In July 2015, the US secured Ankara's agreement to use the Nato airbase at Incirlik for this purpose, although Erdogan had been angered over Washington's support for the Syrian Kurdish People's Protection Units during the battle against Islamic State for the Syrian border town of Kobane in early 2015.
Erdogan insists Syrian Kurds will join forces against Ankara with Turkey’s dissident Kurds. He equates the People’s Protection Units and the separatist Turkish Kurdish Workers’ Party with Islamic State and regards all three “terrorist” organisations.
Although Turkey had been engaged in peace talks with the Kurdish Workers’ Party, since March 2013, Erdogan took a second damaging decision during 2014 to resume bombing its mountain redoubts in Iraq while claiming to be fighting Islamic State.
Cancelled ceasefire
In July 2015, the Kurds cancelled the ceasefire and staged attacks against Turkish troops and police in the Kurdish majority southeast.
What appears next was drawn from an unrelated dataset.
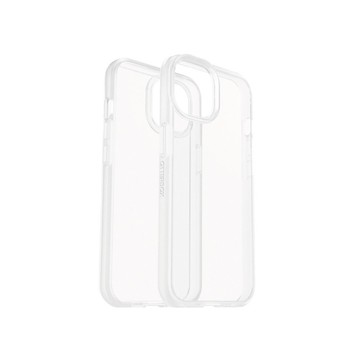 iPhone 14 / 16e React輕透防摔殼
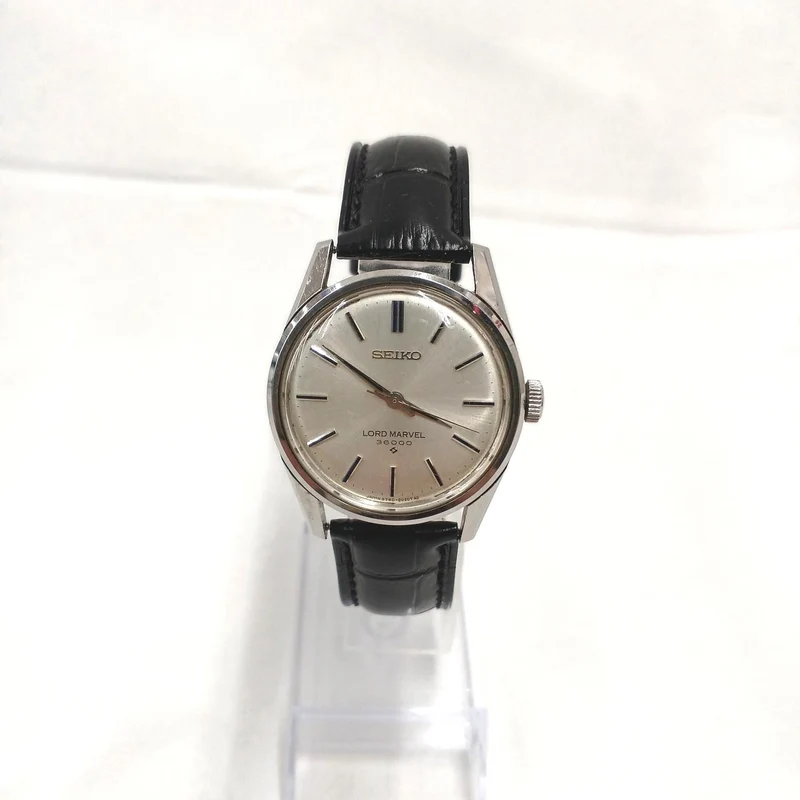 SEIKO Handaufzugsuhr REF. 5740-8000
Erdogan responded by mounting a major offensive against the Kurds. While his military objective was to crush the movement, a goal Turkey has failed to do for 30 years, his political aim was to stir Turkish nationalism to win support for his Justice and Development Party, which had failed to secure a majority of seats in the assembly in the June 2015 poll. The result was a hung parliament.
He called a snap election for November in the expectation that resuming military action against the Kurds would prompt Turks to vote for his party instead of the pro-Kurdish Peoples’ Democratic Party which in June had won seats formerly held by his party. He was determined this would not happen again. His majority was restored.
Some analysts have suggested Erdogan’s decisions to back insurgents in Syria and resume the conflict with the Kurds may have prompted senior military officers who did not want to become embroiled in open-ended wars to carry out the failed July 15th coup.